Actually I can really relate to the story of Elijah when he flees Jezebel (1 Kings 19:1-18). Elijah had just been a key player in revealing God’s awesome power to Ahab (1 Kings 18) and in doing so found that he was physically, mentally and spiritually exhausted. You’ll be happy to know that I have not slain any prophets of Baal in recent months, but the final stages of the doctoral submission process have left me seeking the quiet solitude and shade of a Coolabah tree:
But he himself went a day’s journey into the wilderness and came and sat down under a broom tree. And he asked that he might die, saying, “It is enough; now, O Lord, take away my life, for I am no better than my fathers.” And he lay down and slept under a broom tree. And be hold, an angel touched him and said to him, “Arise and eat.” (1 Kings 19:4-5)
Exhausted, Elijah lays down and goes to sleep. In stark contrast to much of the modern ‘faith teachings’ that circulate today Elijah is at the end of himself and simply unable to administer any ‘up-and-at-em’ attitude to his current state; so much so he falls asleep. Notice that it is while he rests that God ministers to him by sending his angel. Mathews writes,
The angel of the Lord strengthened him with food, and he journeyed forty days and nights to a cave at Mount Horeb. It was upon the same Mount Horeb, another name for Mount Sinai, that the Lord had revealed Himself to Moses (see Exod. 3; 19). Elijah complained that the Israelites had abandoned God and that he was the last prophet of the Lord. But Elijah was mistaken. God brought in succession a great wind, an earthquake, and a fire to ravage the mountain. But the prophet did not hear God in these events. Instead, Elijah heard the Lord in a small whisper.
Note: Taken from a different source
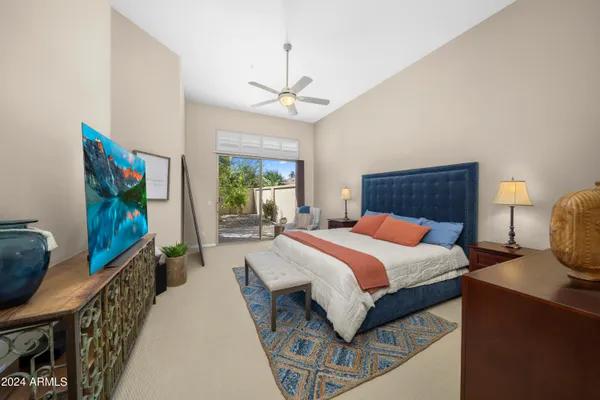 a bedroom with a bed a flat screen tv and a chandelier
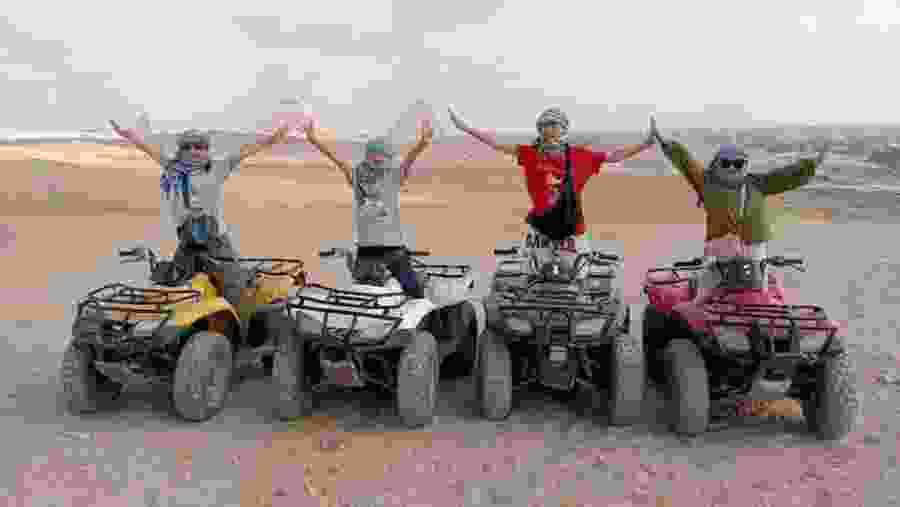 Tourists on ATV Quad Bikes at Giza Pyramid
By this the prophet learned that sometimes God works in quiet ways. (p. 143)
When we are at the end of ourselves we can lose perspective. Elijah had lost perspective, believing that he was the only prophet left; but God graciously corrected him. Not only did the Lord reveal the existence of seven thousand other prophets (physical assurance), He revealed Himself (spiritual assurance). God knows what we need and when we need it; even if we are incapable of seeking or requesting it for ourselves.
Exhausted? Find yourself a tree and allow the God of Elijah to minister to you…you’ll be in good company; I’ve already pulled up my tuft of grass and lay down.
Mathews, K. A. (1998). The Historical Books. In D. S. Dockery (Ed.), Holman concise Bible commentary: Simple, straightforward commentary on every book of the Bible (D. S. Dockery, Ed.) (143). Nashville, TN: Broadman & Holman Publishers.